"So-called ‘face time’ is increasingly precious to all of us, which makes me wonder why we routinely waste so much time, at the beginning of meetings, by ‘going round the table’ to introduce ourselves to each other."
I was at a meeting this week where the introductions lasted almost until lunchtime, and one of the attendees had to leave before the introductions had finished. But in terms of the purpose of that particular meeting, long introductions seemed both necessary and useful.
In other meetings, especially where most of the people already know each other, the introductions are often skimped or omitted altogether. A bit of perfunctory small-talk and then down to business. From an ultra-rationalist perspective, this style might seem more efficient.
But what if systematically encouraging all the participants to exercise their voice-box and social manners before tackling the main business of the meeting resulted in a more effective discussion, to which the quieter and more thoughtful participants made a more significant contribution? Would Colin still think that the ritual was a waste of time?

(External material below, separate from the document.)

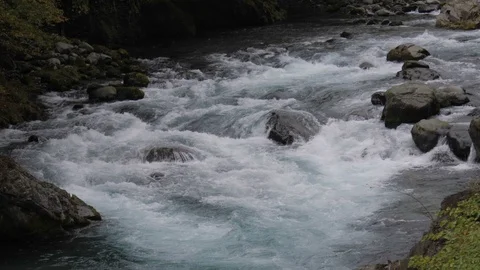Water stream flowing through stone in the jungle Stock Footage 105273362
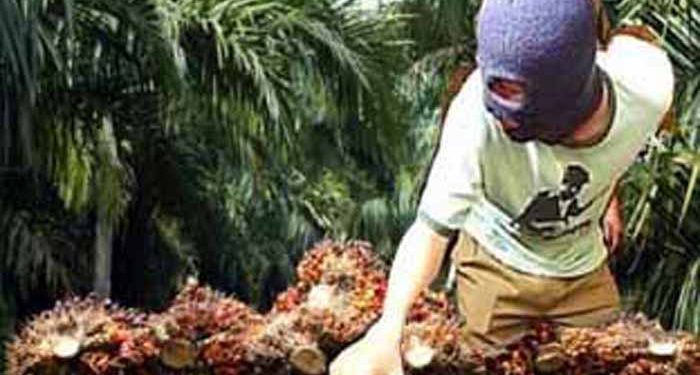 Curi Sawit PTPN V, Warga Rohul Diringkus Polisi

Watching the Australian Open on the television this week, it occurred to me that the introductions at the start of many business meetings served a similar purpose to the warm-up before a tennis match - helping the players to shake off the stress of waiting for the match to start, and also get used to the conditions of the court, before starting to compete in earnest.
If going around the table is really a waste of time, as Colin thinks, why do so many meetings do this? There must be some positive social effect that explains why people maintain this ritual. POSIWID - the purpose of a system is what it does.